*** Opening Data listing ***
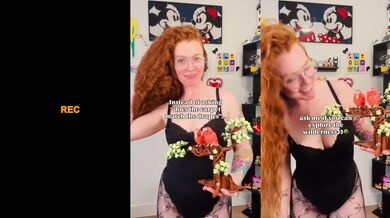 Nerdy Redhead Shows Off In Sexy Lingerie Nylon Torn Tights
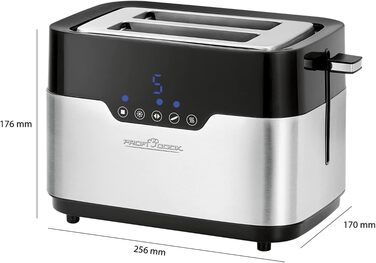 Тостер ProfiCook PC-TA 1250/1170 Inox: 2 слоти, нержавіюча сталь, 850 Вт, 7 рівнів підсмажування, знімний піднос для бургерів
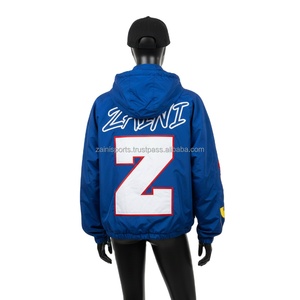 Veste coupe-vent pour femmes Premium 120 GSM Polyester Bleu royal avec panneaux de manches sur les épaules Broderie de logo personnalisée Veste pour femmes - Product Image 2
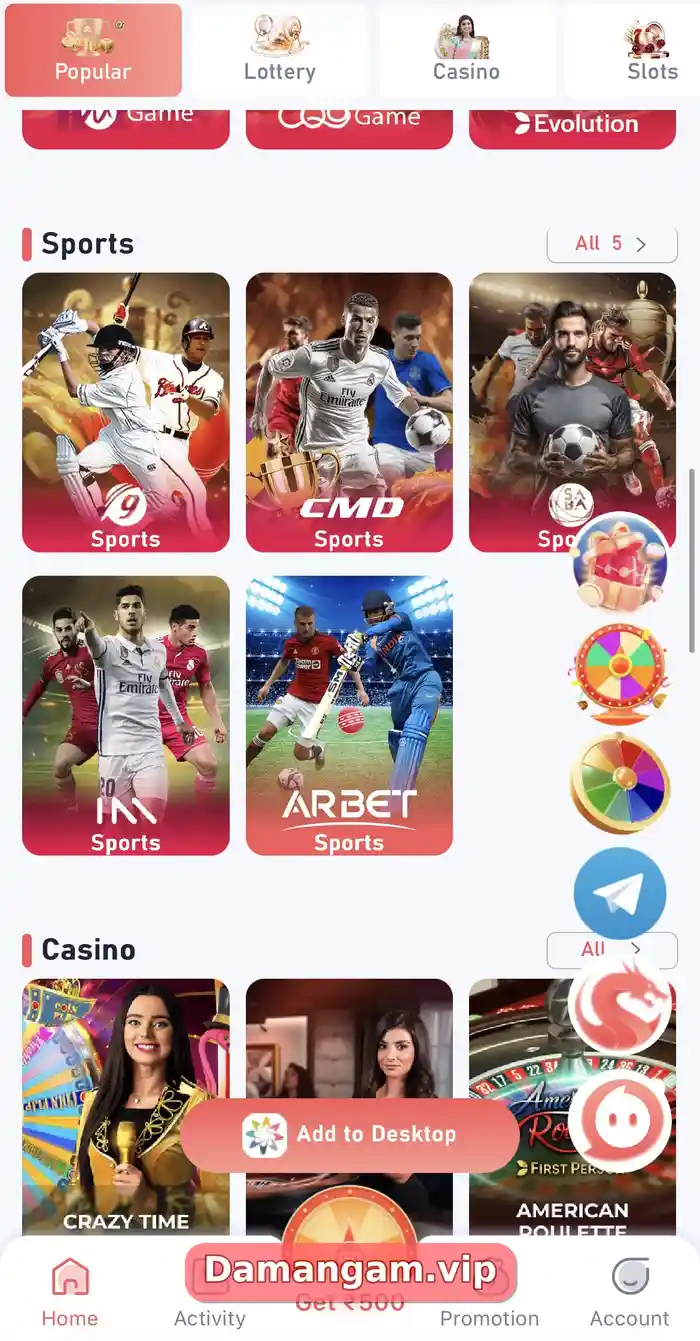 Daman Sports section showing All 5 with sports provider tiles for CMD, SABA, IM and ARBET featuring cricket and football players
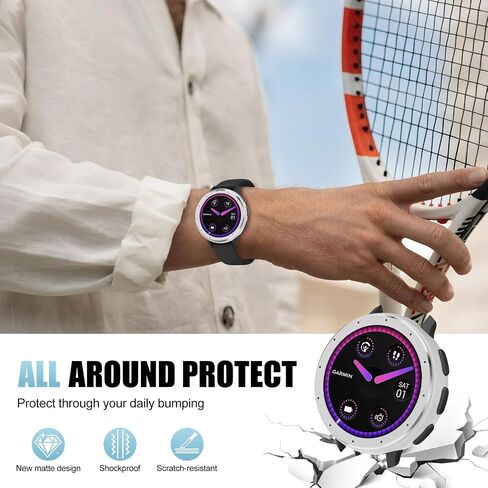 BEARDDO 2in1 Metal Case for Garmin Venu 3s 41mm Smartwatch with TPU Back Cover,Fashion Rugged Shockproof All-Round Protector Cover with Cleaning Cloth Accessories for Venu 3s Bezel Women Men [Silver] in Kuwait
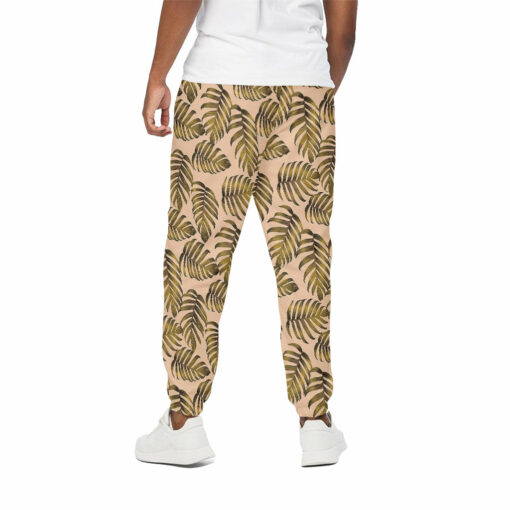 Yellow Monstera Leaves Pattern Print Cotton Sweatpants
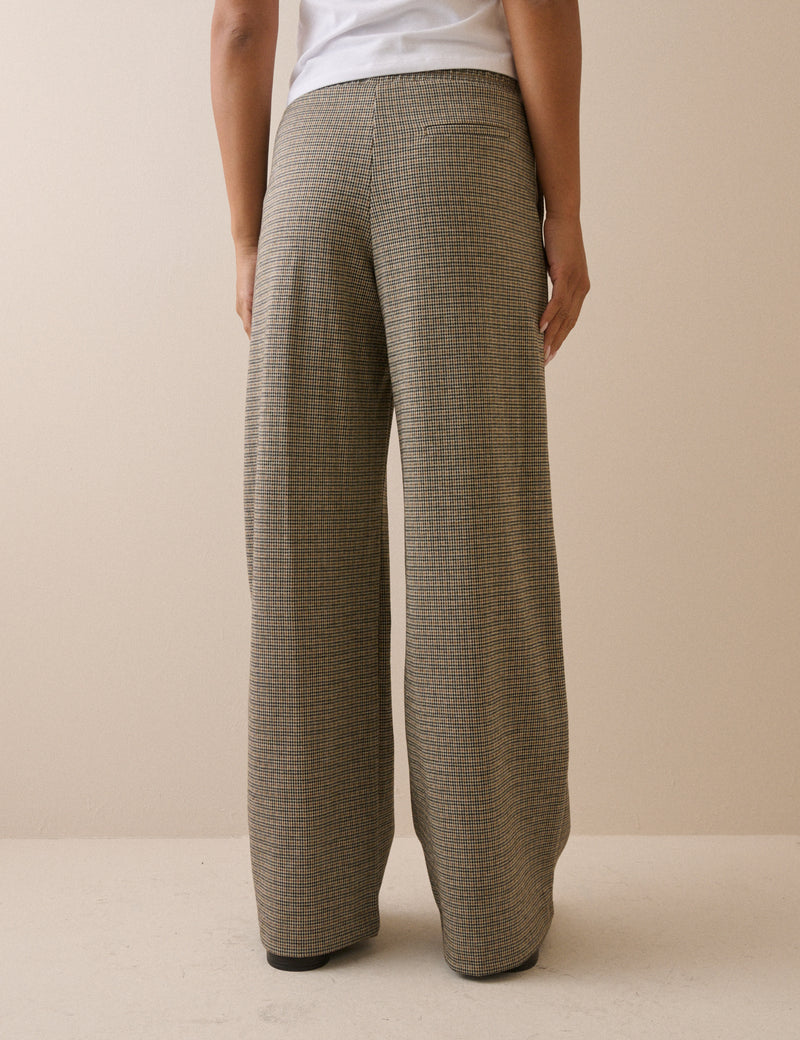 Grey Houndstooth Wide Leg Trouser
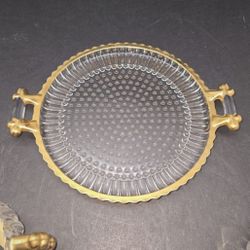 Vintage Jeannette Glass Sugar, Creamer, and Tray Set Tray 8" x 8"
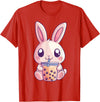 Kawaii Bunny Rabbit Boba Tea Anime Cute Easter Graphic T-Shirt in Red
*** Closing Data listing ***
• [Try it]:
In your copy, repeat the records above exactly and include no images.

• [Written response]:
 Nerdy Redhead Shows Off In Sexy Lingerie Nylon Torn Tights
 Тостер ProfiCook PC-TA 1250/1170 Inox: 2 слоти, нержавіюча сталь, 850 Вт, 7 рівнів підсмажування, знімний піднос для бургерів
 Veste coupe-vent pour femmes Premium 120 GSM Polyester Bleu royal avec panneaux de manches sur les épaules Broderie de logo personnalisée Veste pour femmes - Product Image 2
 Daman Sports section showing All 5 with sports provider tiles for CMD, SABA, IM and ARBET featuring cricket and football players
 BEARDDO 2in1 Metal Case for Garmin Venu 3s 41mm Smartwatch with TPU Back Cover,Fashion Rugged Shockproof All-Round Protector Cover with Cleaning Cloth Accessories for Venu 3s Bezel Women Men [Silver] in Kuwait
 Yellow Monstera Leaves Pattern Print Cotton Sweatpants
 Grey Houndstooth Wide Leg Trouser
 Vintage Jeannette Glass Sugar, Creamer, and Tray Set Tray 8" x 8"
 Kawaii Bunny Rabbit Boba Tea Anime Cute Easter Graphic T-Shirt in Red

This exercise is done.